Ukrainian battlefield success has limited the possibilities for negotiation to end the war with Russia, said McHenry. Russia has turned down multiple off ramps to end the war, even after it became clear it would not be a quick war. Now, Ukraine is not willing to give up territory, but Russian President Vladimir Putin needs something to position as a win.

"Perhaps some kind of greater autonomy for the Russian-speaking part of Ukraine; not independence, not a separate state, but some kind of greater self-government or autonomy," said McHenry.

Attrition, though, could promote peace talks. He said military conscription may increase pressure on Putin to negotiate.

"Once you draft, you cannot hide this war. They could do a lot of hiding because they control the media, but once you start body bags coming home, there is an opportunity even in a police state, there is an opportunity for the public to react to the situation. And I think Putin is seeing it now," said McHenry.

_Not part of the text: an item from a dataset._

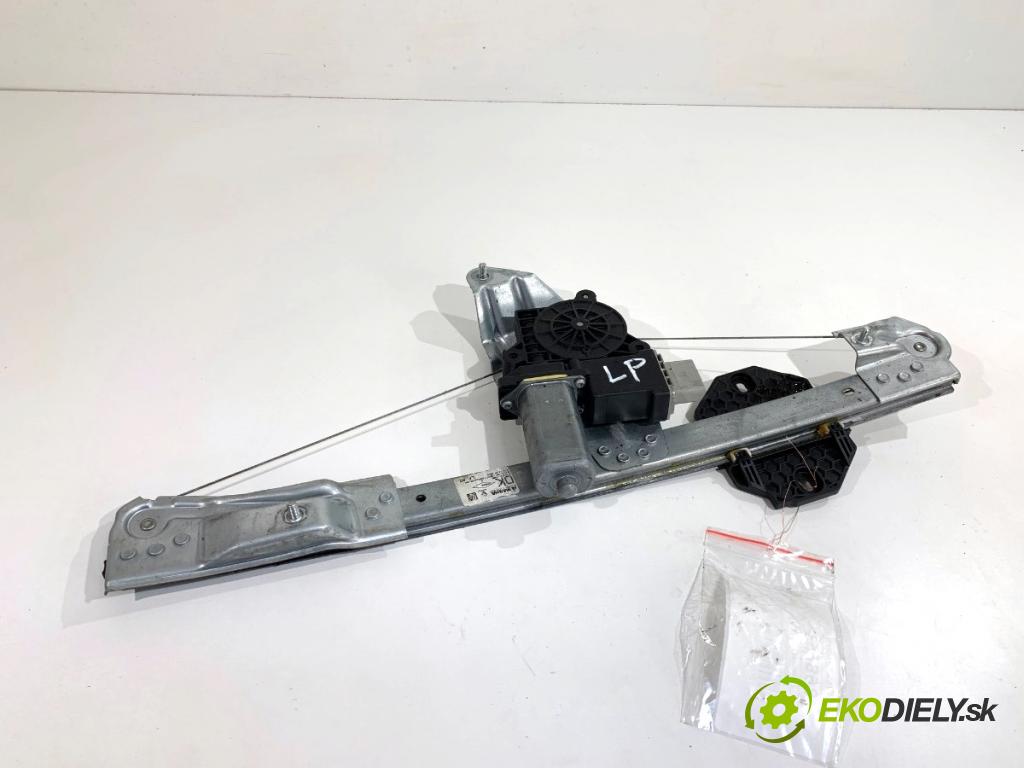 DACIA LOGAN II sedan 2019 54 kW 1.0 SCe 75 998 mechanismus okna levý přední část 807211440R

On the other hand, he said inflation and energy prices pushed upward by the conflict, and the ongoing cost of supplying Ukraine with weapons and other aid may weaken U.S. and European support. And Russian destruction of civilian infrastructure could weaken Ukraine's resolve.

The rise of China

McHenry also spent time discussing the rise of China both economically and as a global influencer through the use of loans to developing nations and construction of infrastructure such as ports, dams, and power plant infrastructure. He said that has fostered dependence on China by those nations and if they default on the loans used to build the infrastructure, it could lead to Chinese ownership of the facilities.

He said that strategy may not be as prominent going forward because economic growth in China itself is slowing, its population is aging, and other nations are now adapting to the strategy.

“I think the international community, which has treated China well and maybe too liberally in terms of trade, is now reacting to it. I think the next five years are going to be quite interesting in terms of the economic position of China, and that it's going to affect some of these projects,” said McHenry.

That said, he called the tariffs put in place by the Trump administration "dumb."

“No matter how Mr. Trump said he's gonna make the Chinese pay, American taxpayers, American consumers pay those tariffs in the form of higher prices on goods coming into the United States. And I think it was a bad idea,” said McHenry.

That does not mean China should have been allowed to continue the kinds of trade practices it was following, he said, but there are other ways to address the challenges.

WGLT Senior Reporter Charlie Schlenker has spent more than three award-winning decades in radio. He lives in Normal with his family.